So what happens inside, after deployer detects the modification?

  • According to the done modification(add/delete/enable/disable/edit), the deployer will identify the events(Using the details of the modified file and whether it's deploy or undeploy). Then it lets the deployement manager to update the User Store Manager chain according the modification. If it's an addition the new user store manager will be added at the end of the chain. If it's a delete, the chain will be broken at the point and tail part will be added to head. Other modification will be effective in the chain as it is, without any effect to the order. 
  • So when a user comes and submit his/her credentials the authenticator goes through the chain and check for a matching user in own chain of tenant.
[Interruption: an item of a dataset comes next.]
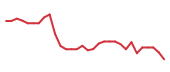 The price history of ZBIO in the last 30 days The price history of ZBIO in the last 30 days
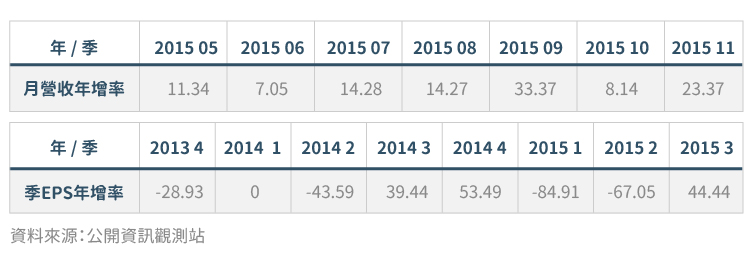 智易獲利資訊-月營收年增率與EPS年增率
If it's found in the user chain with matching credentials then the assigned roles are checked for authorization, which allows users to perform permitted actions. 
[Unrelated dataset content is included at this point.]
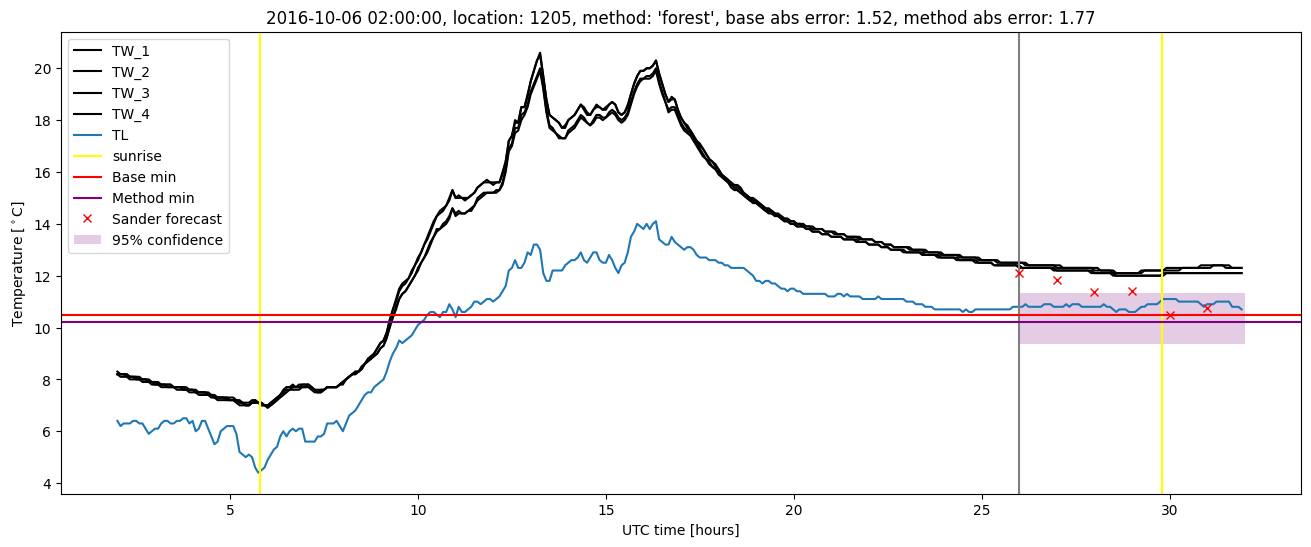 My plot :)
Carbon characteristics that facilitated rapid development 

  • Clear separation of Front end/Back end (SOA interfaces)
With this clear separation it was easy to re-use what has been already implemented that are also useful in this implementation. Also regarding this component, could see a clear separation of UI and back end that simplified the design. UI used the stub classes to talk to the backend component which talked to other back-end components and delivered the output to UI. So if we want to just consume the API at sometime, it is already available
  • Out the box support for multi-tenancy
After writing the component for Super tenant there was no more significant effort to make it work in a multi-tenanted environment. Once it runs fine for super tenant, it is running fine in multi-tenant environment too. So this can be available be run anywhere, cloud or on-premise without a single modification.
  • Clustering
How will this work in a cluster is our next question. So all these needed to be replicated in all the nodes. Then there is WSO2 Carbon feature that can be used to synchronize the nodes, 'Deployment Synchronizer' which has options to be based on SVN or registry. In the this implementation we used SVN based deployment synchronizer and target was achieved. Not a single line of code needed for this.
  • Extendibility
WSO2 Carbon is also called 'Eclipse for Servers' with it's high extendibility with the OSGI run time. This comes very useful regarding this component that after sometime if we wanted to add our own custom user store manager implementation like for Apache Cassandra it is also possible without any hassle. We just have to implement the provided UserStoreManager interface or extend the AbstractUserStoreManager class, write the customized code and pack it into a bundle (sample). Once this is dropped into CARBON_HOME/repository/components/dropins the run time will detect it at start-up and even show it in the UI for configurations.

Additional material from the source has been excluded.